Same man, been waiting for the past 3 years haha
I'm mostly excited about The Rise of the Cephalopods, my sources say it's basically the funeral for a continent of this album, meaning Longest song (19 min) all written by Hannes <3


----------



## ArtHam (May 11, 2018)

I'm at work now and just received word from my roommate that MY PREORDER HAS ARRIVED. 

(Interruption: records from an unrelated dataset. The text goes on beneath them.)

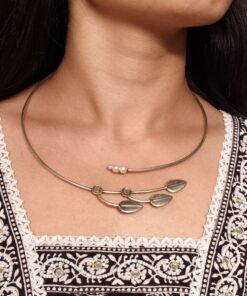 Silver Replica Leaf Design Hasli Necklace | Beautiful Traditional Oxidized Jewelry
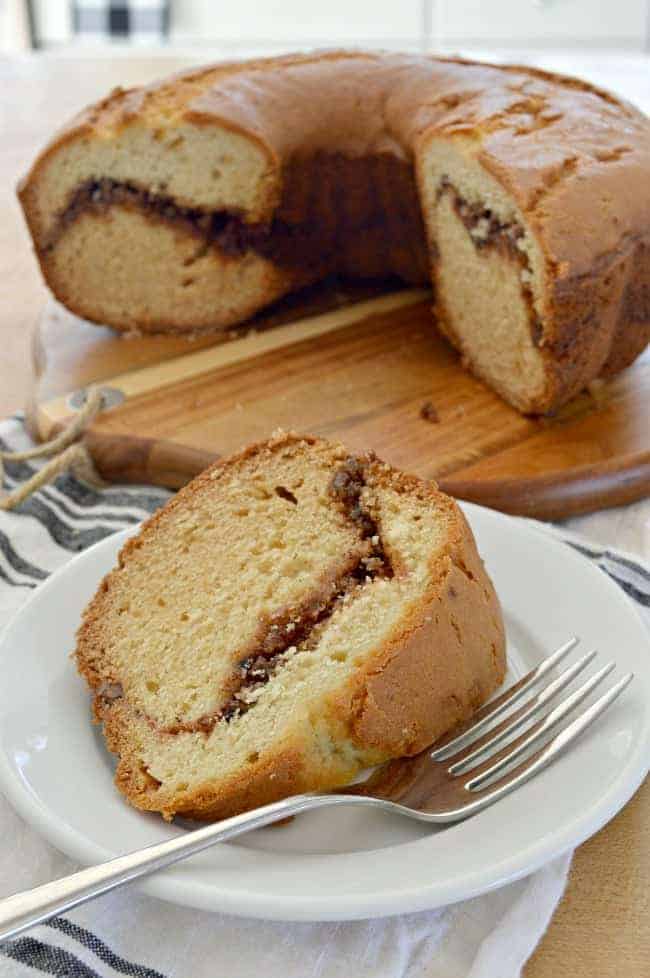 slice of sour cream coffee cake with a fork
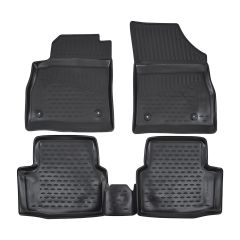 Tapis De Sol En Caoutchouc 3D Exclusive Compatible Avec Opel Astra K 2015-2021, Système de Fixation, Bord Haut, Noir, Antidérapant, Toutes Saisons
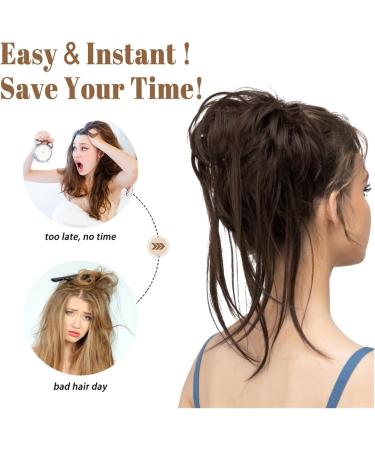 Hair Bun Hairpiece for Women Daily Synthetic Elastic Curly Messy Bun Hairpieces Scrunchie Black Blonde Brown Natural Fake Hair Chignon Band Updo Donut Hair Chignons(4-30) - Buy Online on GoSupps.com
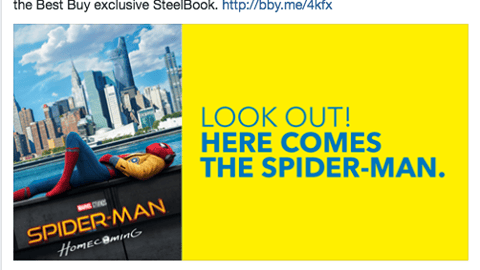 Best Buy 'Here Comes the Spider-Man' Facebook Update
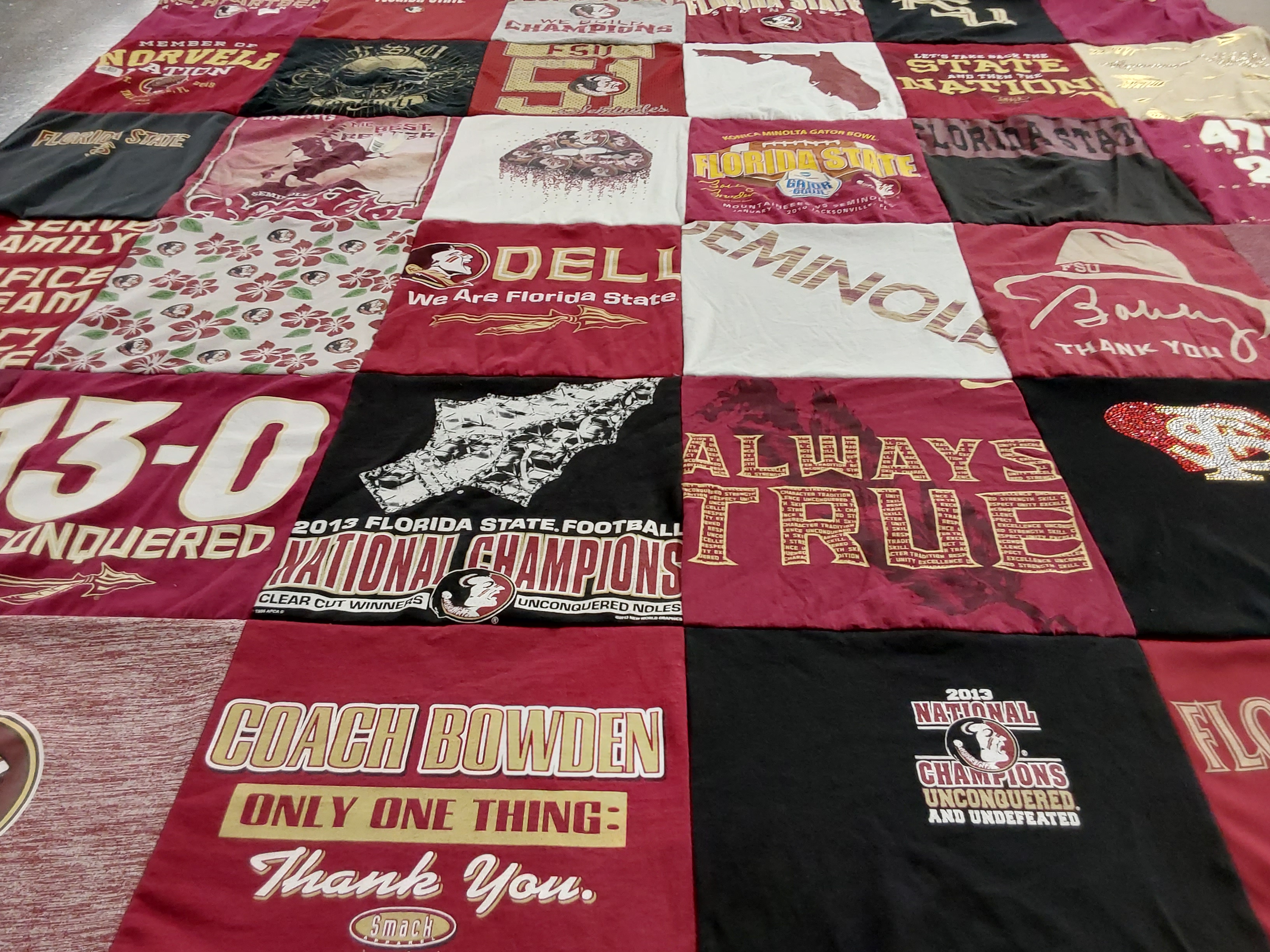 T-shirt quilt featuring florida state university football by Jane from FL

Will this working day never end? I shall have to put a seatbelt on my chair to strap in and be blown away.


----------



## ArtHam (May 11, 2018)

Excitement double post. Oops.


----------



## chopeth (May 11, 2018)

Yessssss


----------



## ArtHam (May 11, 2018)

I couldn't bear to wait and left work early today. Just finished listening to it all the way through for the first time and don't know what to say really.
First impressions (spoilers):

- There's almost no tech death here. No songs like Hadron Machinist or Alter Magnitudes. Nothing pointing to this involving Obscura members. I know the band has warned us of this beforehand but it still feels like a big deal to me. There are a few little parts in Rise of the Cephalopods that almost feel like Spawn of Possession though. But it's only in this one song.
- All songs are written and credited to only 3 members: Hannes, Morean and Danny, all lyrics credited to Danny and Morean. There seems to be no music written by Linus and Christian. Credits also list Danny as doing backing vocals on all songs which surprised me a lot.
- The flow of the album is spectacular and seems to flow like waves. On this first listen I'm stunned by how strong the middle of the album is. The fourth song which is a ballad has a spectacular almost Pink Floyd like long solo through most of the song which gave me goosebumps. The fifth song has short solos by the whole band, you read that right: drum solo, bass solo and 3 guitar solos before closing with yet another guitar solo. The song itself is like a mixture of Carbon Phrases and even Lateralus era Tool.
- The artwork seems to be full of hidden messages and symbolism. I wish I'd ordered the vinyl version now so I could see it all a lot bigger.
- Song number 6 and 7 seem to be Dyson Sphere V and VI. Where I first struggled with Chaos Theory and Practice the song before it actually explains the rest of the story arc. It feels like I could put the first 4 parts from Malkuth Grimoire before these 2 songs and they'll flow into each other perfectly. The ending of part V is the fastest I've heard any of these guys play. It's insane.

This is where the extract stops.